Praveen and Hafeez meet at the airport when entering Poland, and later happen to live in the same hotel, so they befriend each other. When they go to a bar, they meet an Indian girl Rosie and both fall in love with her.

Hafeez goes to a Polish arm dealer and buys bombs from him, while Praveen buys bombs from a Chinese dealer. They both assemble bombs in their respective hotel rooms. Praveen accidentally sees Hafeez's bomb and gets to know his intention, and believes Hafeez is from his own team, so he reveals his intention to Hafeez too. They work together to make the terrorist attack plan. In the process, they begin to realize their bosses brainwashed and used them, but they did not give up their plans.

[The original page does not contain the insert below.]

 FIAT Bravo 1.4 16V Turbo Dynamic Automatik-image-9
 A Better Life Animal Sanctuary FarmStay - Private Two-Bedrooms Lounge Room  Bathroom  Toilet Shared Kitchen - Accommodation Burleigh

They break up a fight with each other after they reveal real identity to each other—Ishwarchand Sharma, a disguised Hindu, is actually a Muslim, while Allah Rakha Khan, a disguised Muslim, is actually a Hindu. They get angry after knowing each other is from a hostile religion and pretended to be a friend. During their fight, they accidentally set off the bomb, causing a huge blast in the hotel, and they both get injured and arrested for that.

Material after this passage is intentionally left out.